__Activity__
Take from the entries below the stretch from the line with "Foto 24 - Villa CONTRADA LORDICA" through the line with "SNC, Bolognetta - foto 24", and return it exactly, leaving the pictures out.

__Supplied data__
::::::::

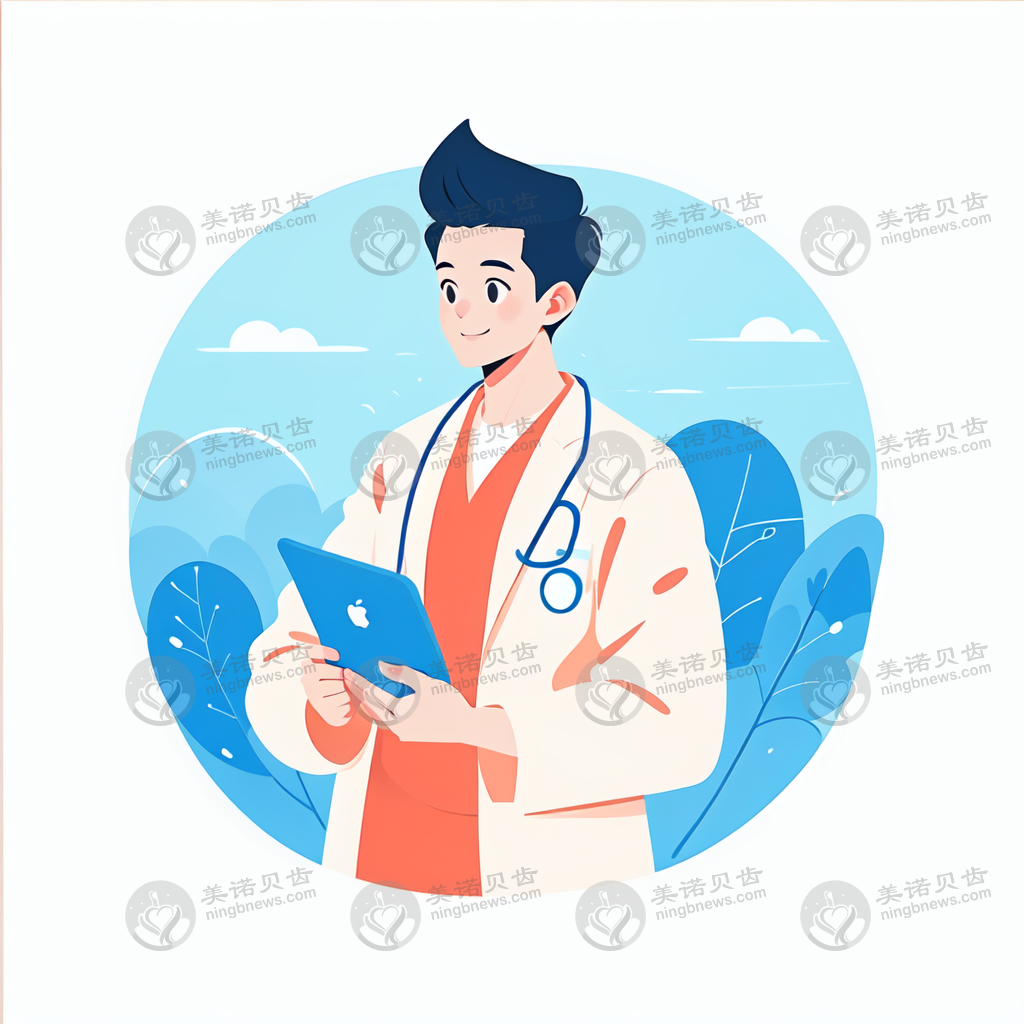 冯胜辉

::::::::

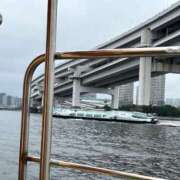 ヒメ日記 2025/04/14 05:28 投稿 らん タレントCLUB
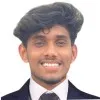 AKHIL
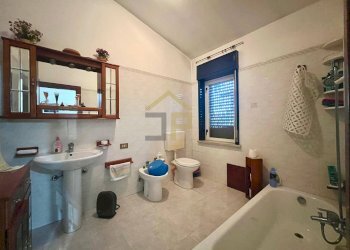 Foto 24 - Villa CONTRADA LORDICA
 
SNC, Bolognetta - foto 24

::::::::

__Response to this task__
 Foto 24 - Villa CONTRADA LORDICA
 
SNC, Bolognetta - foto 24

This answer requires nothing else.